Going to do some spare ribs this weekend with my new Rec Tec mini. Any suggestions?

Was thinking of doing the 4-1-1 method...4 hours smoked, 1 hour foiled with apple cider, 1 hour back on the grill some sauce.

What internal temp am I looking for?


----------



## chef jimmyj (Mar 10, 2016)

Here you go... http://nutritiondata.self.com/facts/pork-products/2171/2

Iternal Temp of 195°F on ribs should be tender but not Fall off the Bone....JJ


----------



## nwolfe88 (Mar 17, 2016)

Chef JimmyJ said:


> Here you go... http://nutritiondata.self.com/facts/pork-products/2171/2
> 
> Iternal Temp of 195°F on ribs should be tender but not Fall off the Bone....JJ


Would that nutrition data be for cooked? Looking for 8oz pork butt (cooked) nutrition data.


----------



## chef jimmyj (Mar 17, 2016)

nwolfe88 said:


> Would that nutrition data be for cooked? Looking for 8oz pork butt (cooked) nutrition data.


Yes...Nutrition labels are on Edible Portion, what actually can be expected to get in your body. Nutrition info on Raw food would be worthless as nutrients and vitamins are lost in cooking, fats are rendered away and so forth...JJ


----------



## nwolfe88 (Apr 7, 2016)

So I'll be doing a 9lb Boston butt this weekend and I'd like to avoid wrapping in foil during the cook. Any suggestions for what temperature and making sure it doesn't dry out?

I saw someone soaks theirs in Apple juice for 7 hours beforehand and also injects it.

I will pull it at internal temp of 205. Do I need to wrap in foil and throw it in the fridge after that?
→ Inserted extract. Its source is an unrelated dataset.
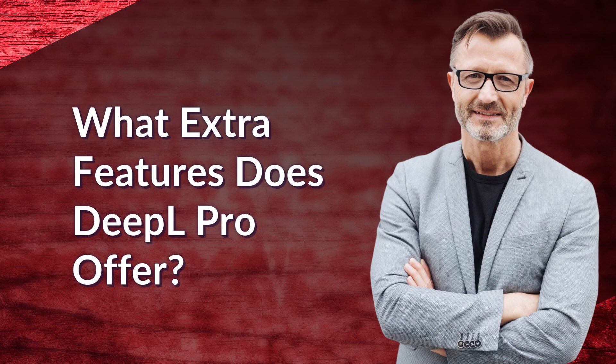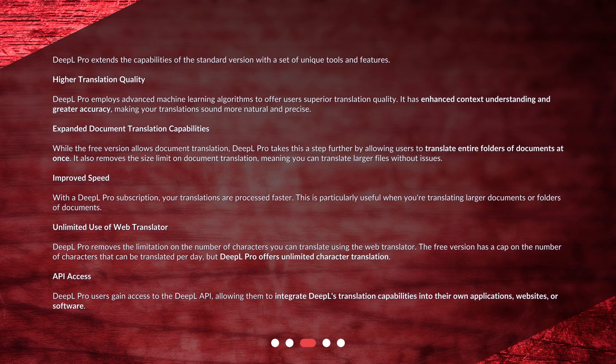What extra features does DeepL Pro offer? DeepL Pro extends the capabilities of the standard version with a set of unique tools and features. Higher translation quality: DeepL Pro employs advanced machine learning algorithms to offer superior translation quality. It has enhanced context understanding and greater accuracy, making your translations sound more natural and precise.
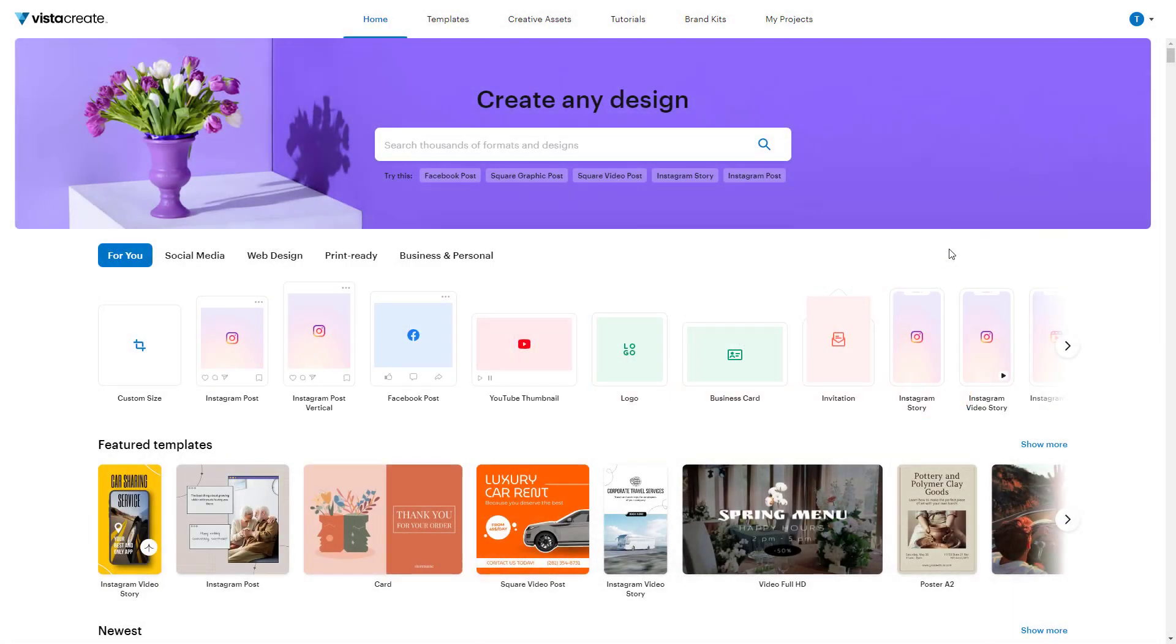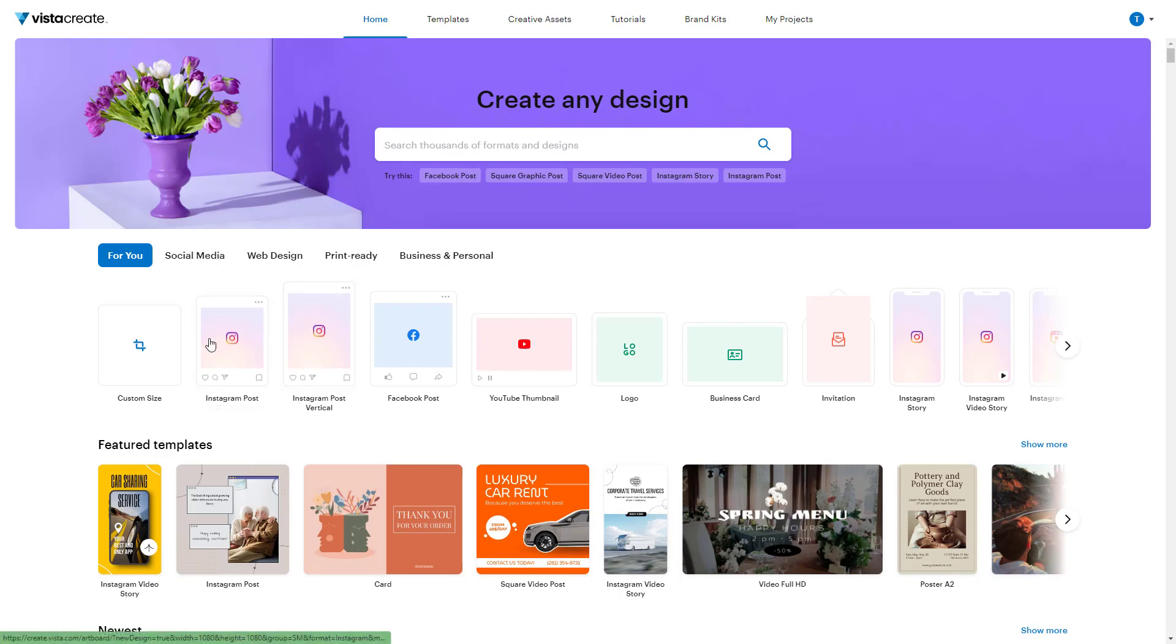When you sign in with your Vista Create account, you get to this particular page. If you want to start creating a design with a blank document, you can go over here to the For You section and here you can see custom size as an option, as well as other standard sizes that you can choose from.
What's the best method after you take it off the smoker?


----------



## phatbac (Apr 7, 2016)

nwolfe88 said:


> So I'll be doing a 9lb Boston butt this weekend and I'd like to avoid wrapping in foil during the cook. Any suggestions for what temperature and making sure it doesn't dry out?
> 
> I saw someone soaks theirs in Apple juice for 7 hours beforehand and also injects it.
> 
> I will pull it at internal temp of 205. Do I need to wrap in foil and throw it in the fridge after that? What's the best method after you take it off the smoker?


Dry out?

i have never had Boston butt dry out (when first off the pit). Its a big fatty hunk of meat when you cook to 200 or north fo 200 degree IT a lot of the fat melts into the meat and it will not be dried out. now if you pull it and freeze it and then reheat or if you pull it and let it sit and reheat or some variation thereof it can get a little dry you may want some foiling juice already discussed. I have never soaked a butt. i have only injected a couple times for certain flavoring i wanted to do like use enchilada sauce and make pork tacos or something. Some people may wish to inject i dont see a need for it to make good Q and  I really don't see a need for soaking unless there is a flavor in particular you are going for. remember God made that pig's shoulder taste really good especially at high temperature especially with burned trees applied -- don't over think it!

Happy Smoking,

phatbac (Aaron)


----------



## nwolfe88 (Apr 7, 2016)

phatbac said:


> Dry out?
> 
> i have never had Boston butt dry out (when first off the pit). Its a big fatty hunk of meat when you cook to 200 or north fo 200 degree IT a lot of the fat melts into the meat and it will not be dried out. now if you pull it and freeze it and then reheat or if you pull it and let it sit and reheat or some variation thereof it can get a little dry you may want some foiling juice already discussed. I have never soaked a butt. i have only injected a couple times for certain flavoring i wanted to do like use enchilada sauce and make pork tacos or something. Some people may wish to inject i dont see a need for it to make good Q and  I really don't see a need for soaking unless there is a flavor in particular you are going for. remember God made that pig's shoulder taste really good especially at high temperature especially with burned trees applied -- don't over think it!
> 
> ...


Thanks!

After I pull it off the smoker, what's the best method? Just let it sit on the counter? Or do I need to wrap in towels, etc.


----------



## phatbac (Apr 7, 2016)

nwolfe88 said:


> Thanks!
> 
> After I pull it off the smoker, what's the best method? Just let it sit on the counter? Or do I need to wrap in towels, etc.


i would wrap in foil and then in a towel and put in a cooler for an hour to two. but i usually pull mine about 195

Happy Smoking,

phatbac (Aaron)


----------



## nwolfe88 (Apr 10, 2016)

20160410_112916.jpg



__ nwolfe88
__ Apr 10, 2016


















20160410_131400.jpg



__ nwolfe88
__ Apr 10, 2016






15 hours on the rec tec mini...no foil. Pulled at 205. Amazing!


----------



## nwolfe88 (May 3, 2016)

Doing another pork shoulder this weekend. Do I need to wrap it in foil and towels, etc. if I pull it off the smoker at 205 internal? Or just let it set on the counter for a bit then pull it?


----------